La couleur des Gilets Jaunes
Le mode d‘action et de mobilisation des Gilets Jaunes intrigue et donc inquiète tous ceux qui ne savent marcher et penser que dans les clous. Comment un mouvement qui est le fait de personne(s), qui ne vient de nulle part, qui ne suit pas un penseur patenté, qui ne lit pas l’avenir dans l’horoscope des médias officiels, qui n’a pas des troupes de communicants à son service, qui n’est pas traversé par les clivages habituels... comment a-t-il pu naître, se développer, mettre la France sens dessus dessous, se maintenir… ? (1)
D’où les affirmations officielles pour le diviser, le dénigrer et même le cogner fortement pour le déconsidérer, l’affaiblir aux yeux de la population. Malgré tout, celle-ci reste encore plus sensible à ses revendications qu’aux efforts du gouvernement et de ses supports habituels pour le déconsidérer. Malgré le silence de beaucoup qui se voulaient l’avant garde populaire et sont effrayés de ce qui naît à côté d’eux, en dehors d’eux.

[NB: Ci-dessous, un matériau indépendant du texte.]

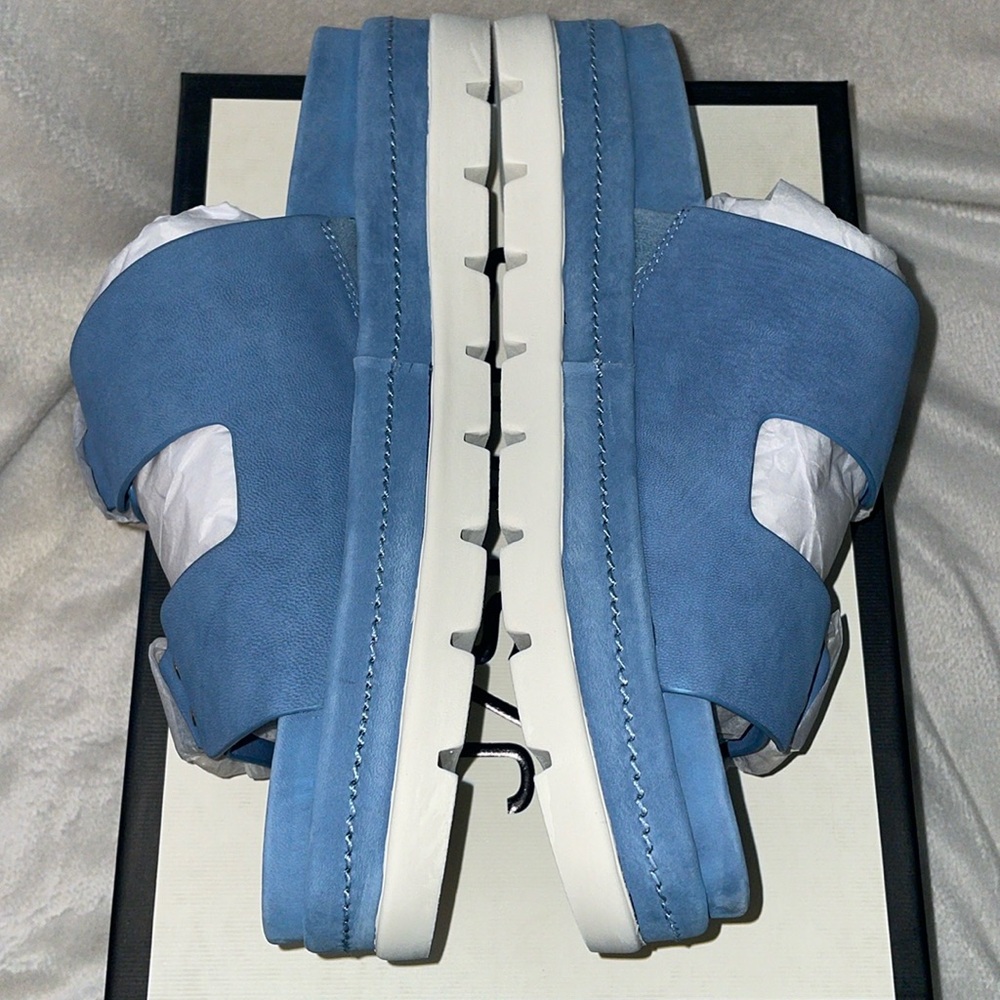 NWT J/SLIDES BAHA Oceana Waxy Nubuck Sandal - Picture 13 of 15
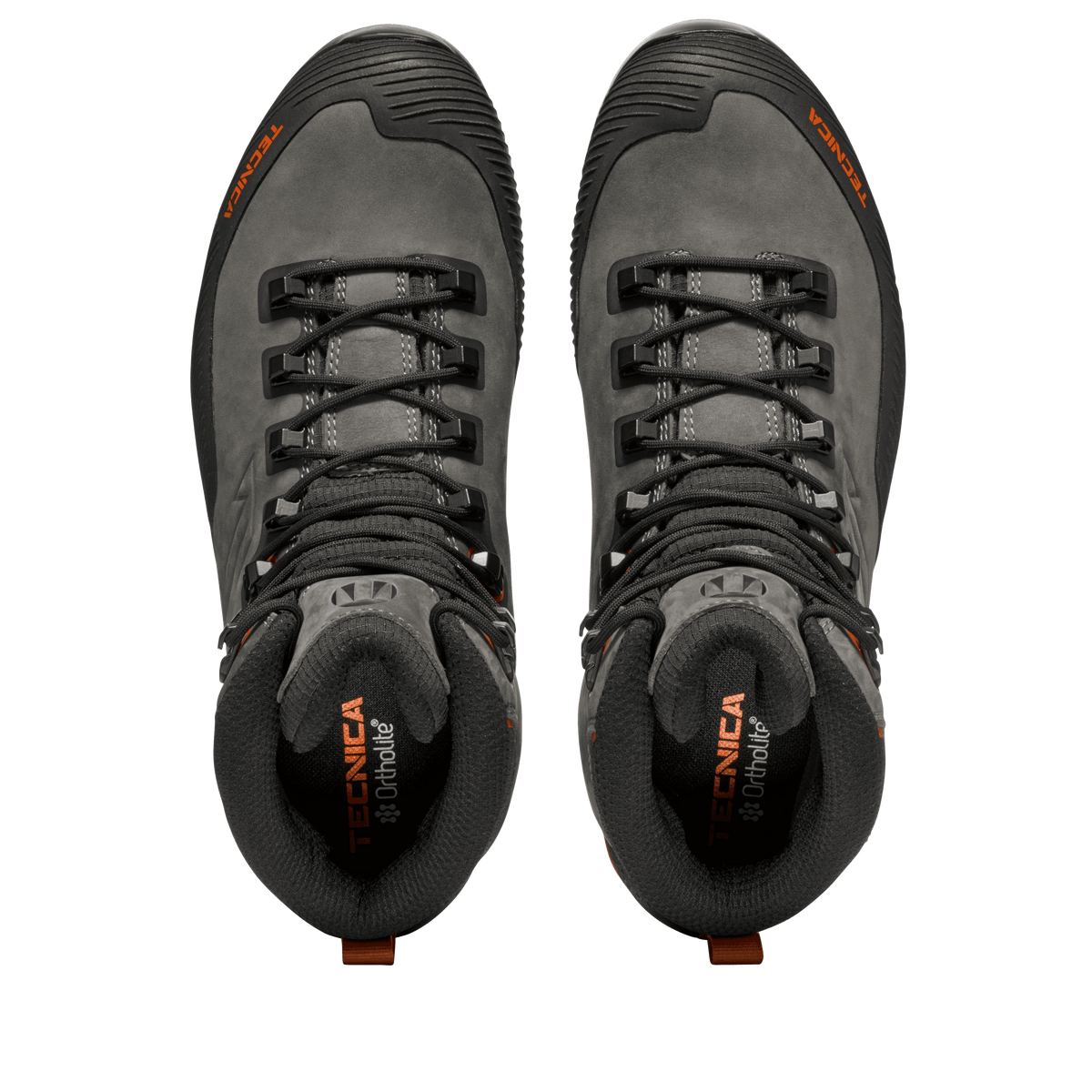 Tecnica Forge 3.0 GTX MS product view 6 — Deep Grey - Orange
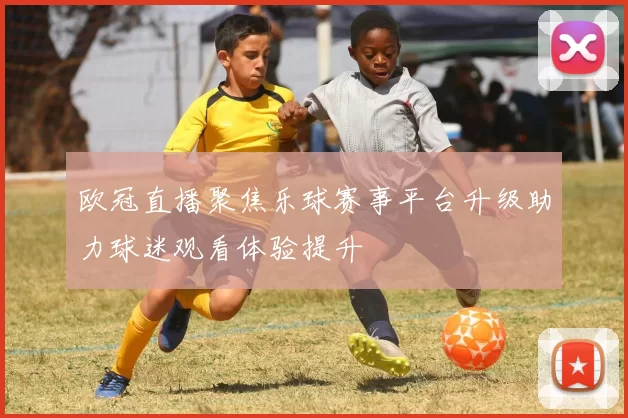 欧冠直播聚焦乐球赛事平台升级助力球迷观看体验提升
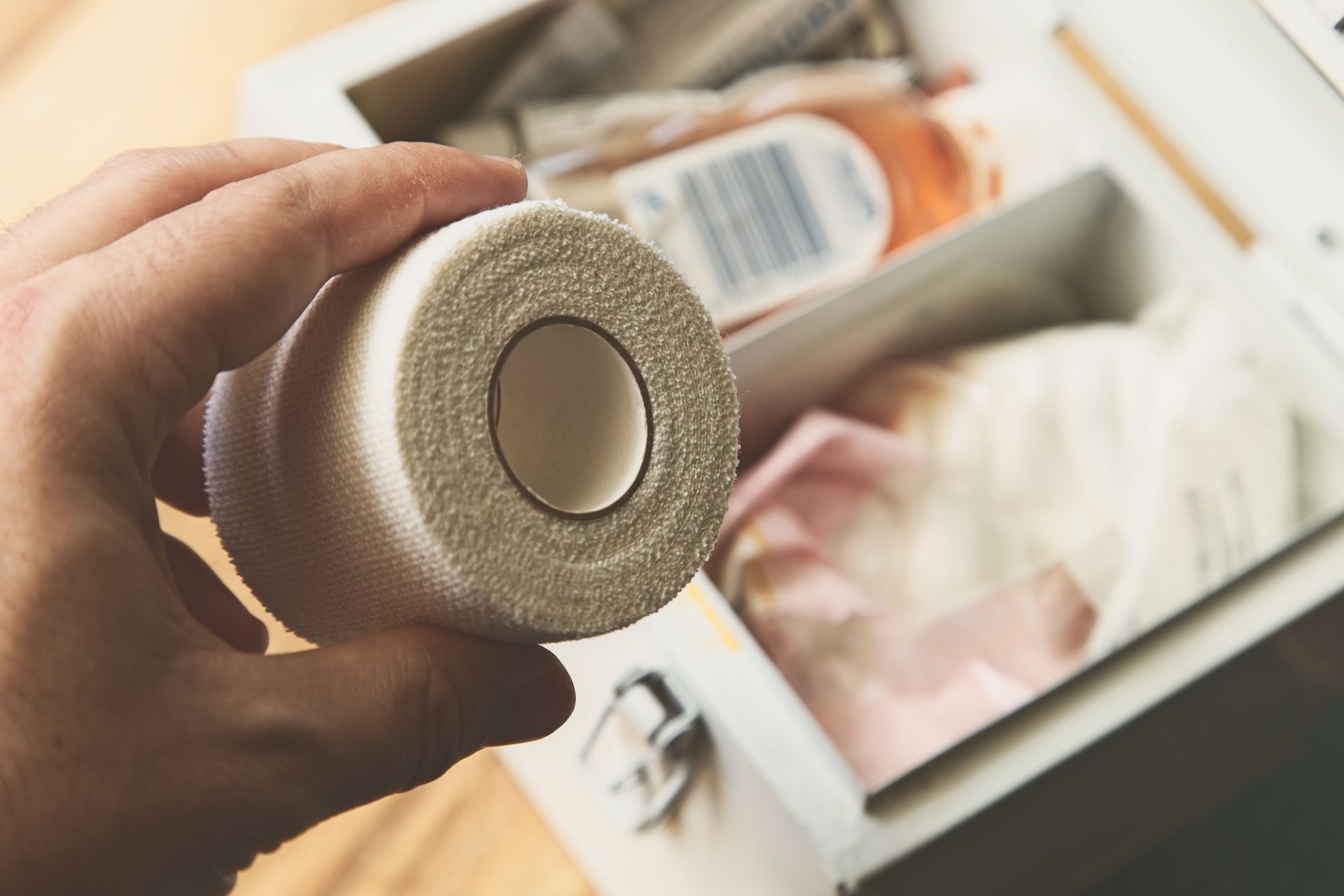 Thick Bandage Roll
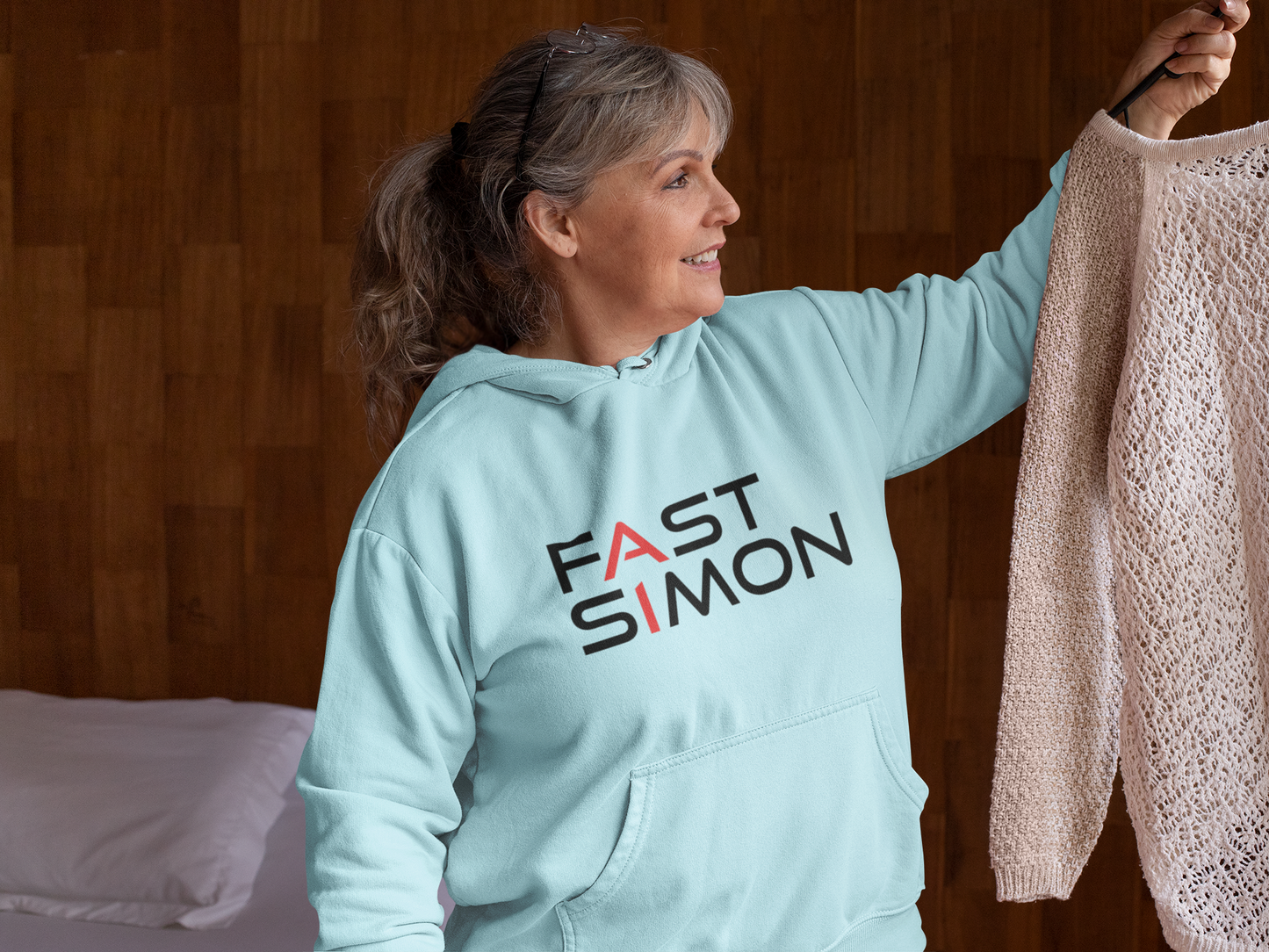 Printed Hoodie for Women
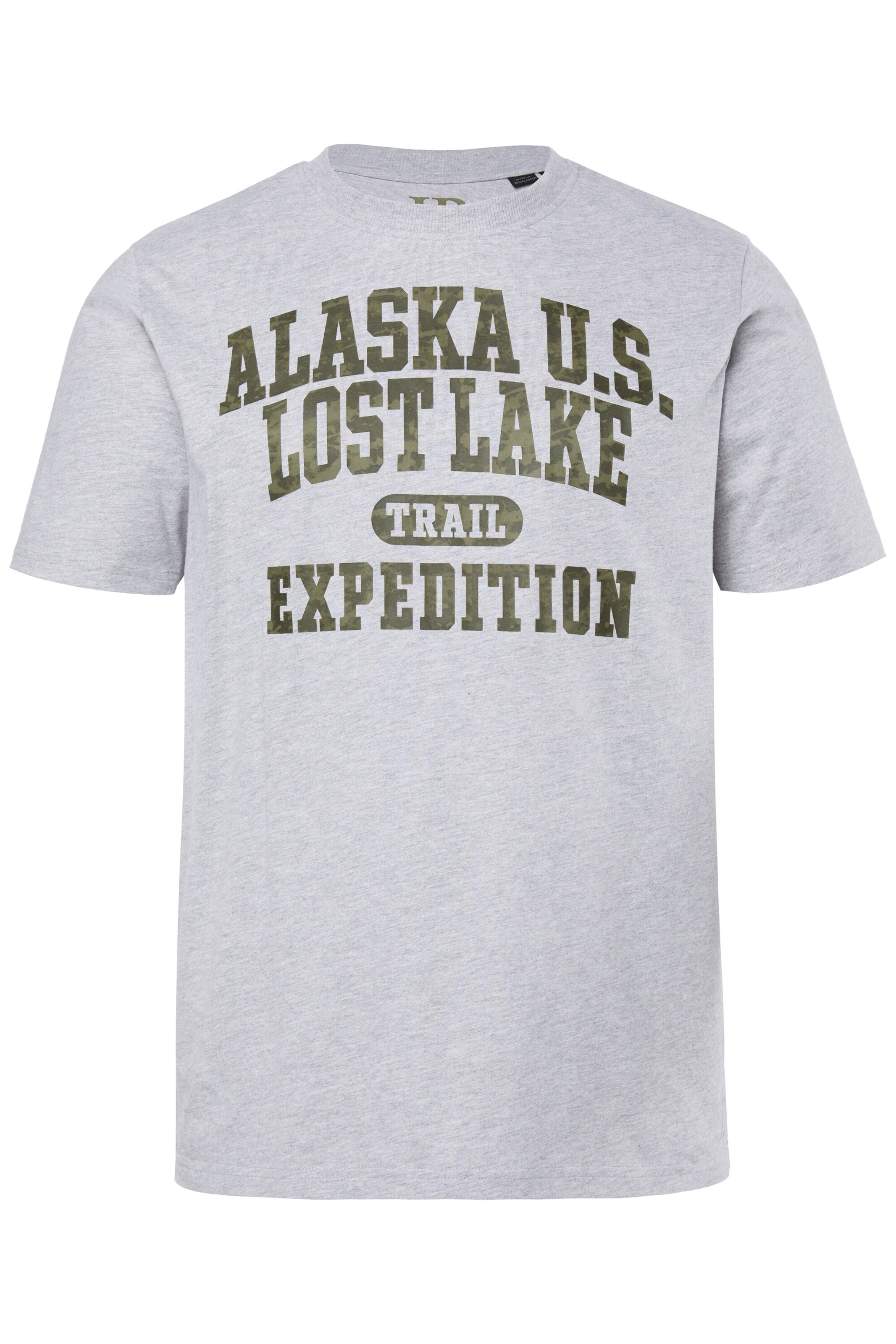 JP1880 Shirt in Grijs: voorkant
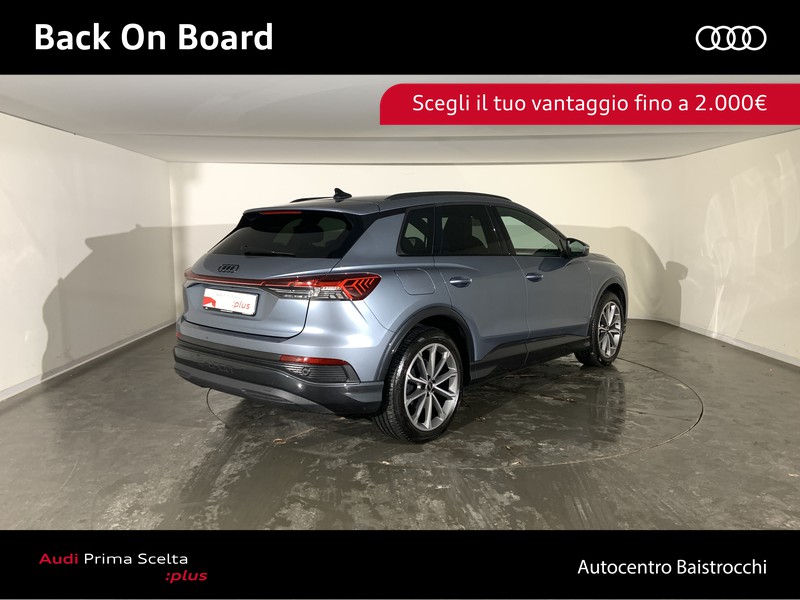Audi Q4 e-tron 45 business advanced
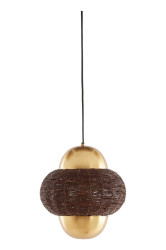 Závěsná lampa Light & Living Cetara 26 x 28 cm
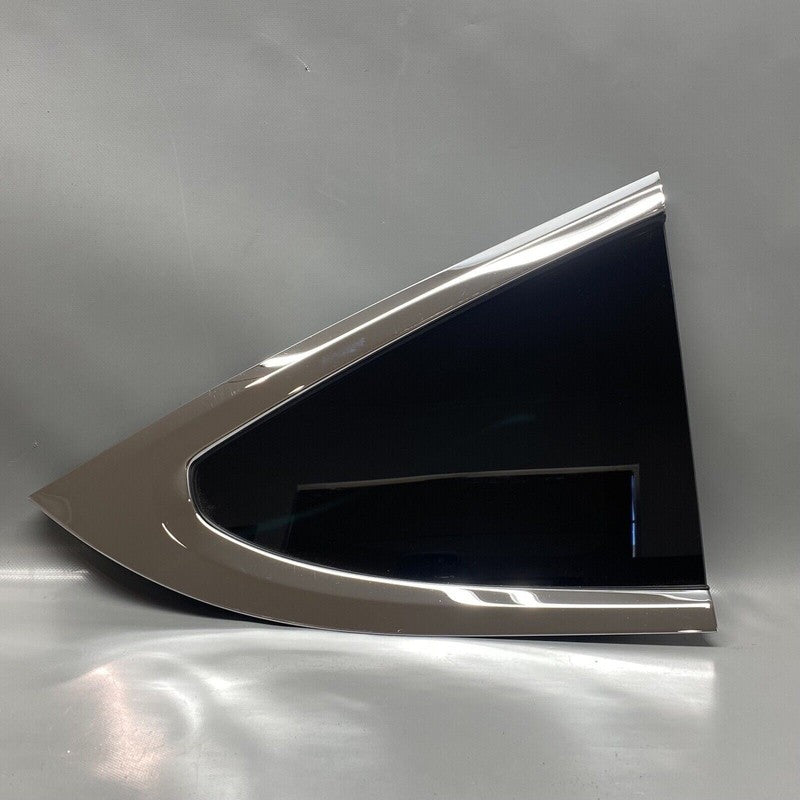 TESLA MODEL X QUARTER GLASS RIGHT REAR 2016 2017 2018 2019 2020 OEM 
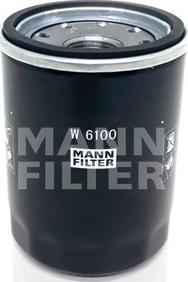 Mann-Filter W 6100 - Oil Filter autospares.lv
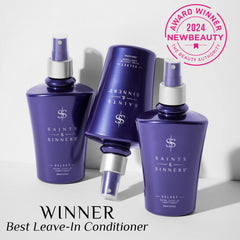 Saints & Sinners Velvet Divine application image highlights smooth, manageable hair after use.
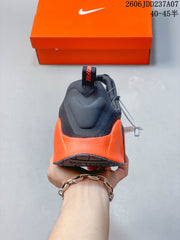 Nike Free Metcon 6 Training Shoes Black and Orange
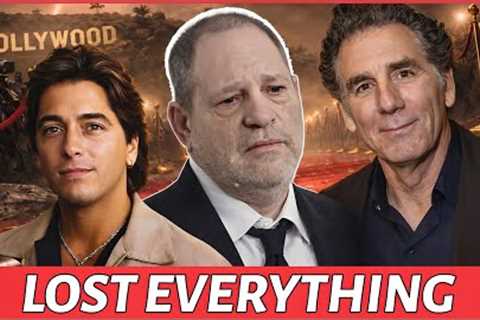 23 Celebrities Who Ruined Their Careers — And No One Saved Them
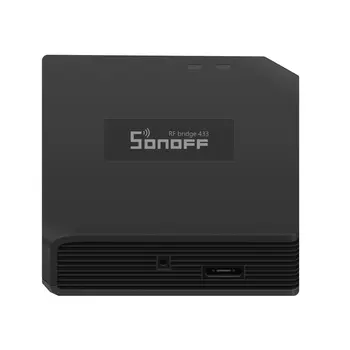 RF Bridge 433MHz Wireless Smart Home Automation Module App Remote Controller Universal Timer WiFi Hub for Garage Door 
RF Bridge 433MHz Wireless Smart Home Automation Module App Remote Controller Universal Timer WiFi Hub for Garage Door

Devant ce mystère, devant cet objet social non identifié, diverses études sont publiées pour savoir s’ils sont de gauche, de droite, d’extrême... Avec des résultats contradictoires.
Les uns vont fouiller dans les pages de facebook, surtout des têtes de gondole, relèvent des propos inconvenants, les autres font des enquêtes auprès de manifestants et trouvent des gens normaux dans des situations difficiles.
La police arrête des centaines de personnes, en blesse grièvement des dizaines : elle n’a pas encore publié la liste des casseurs récidivistes professionnels, ni des extrêmes… mais peut-être ceux-ci courent-ils plus vite ?
Il en est même qui les invitent à des émissions (2). Quand ils peuvent parler plus de 45 secondes, leurs déclarations sont d’une banalité réconfortante : contre la taxe sur les carburants qui a déclenché le mouvement, pour l’amélioration des conditions de vie, des travailleurs, des retraités, contre la suppression de l’ISF… Toutes déclarations qui sont plus lassantes qu’un boxeur, professionnel ou policier, qu’une poubelle brûlée et qui ne méritent pas une Une quotidienne et encore moins un sujet à la télévision.
Il est aussi possible de participer ou d’assister simplement à une de leurs manifestations et de relever la teneur répétée des affiches, panneaux, banderoles, slogans… pour connaître leurs revendications… banales, peu intéressantes…
Mais tout le monde veille au grain : toute la presse, bien pensante de droite ou de « gauche » attend le dérapage, d’un manifestant, pas d’un policier – il y en a déjà plusieurs. Un petit effort, un cri homophobe, antiféministe, raciste surtout, ferait plaisir à tout le monde, montrerait bien qu’ils sont aux ordres de l’extrême droite… Rien ne vient. Le soupçon, rien que le soupçon…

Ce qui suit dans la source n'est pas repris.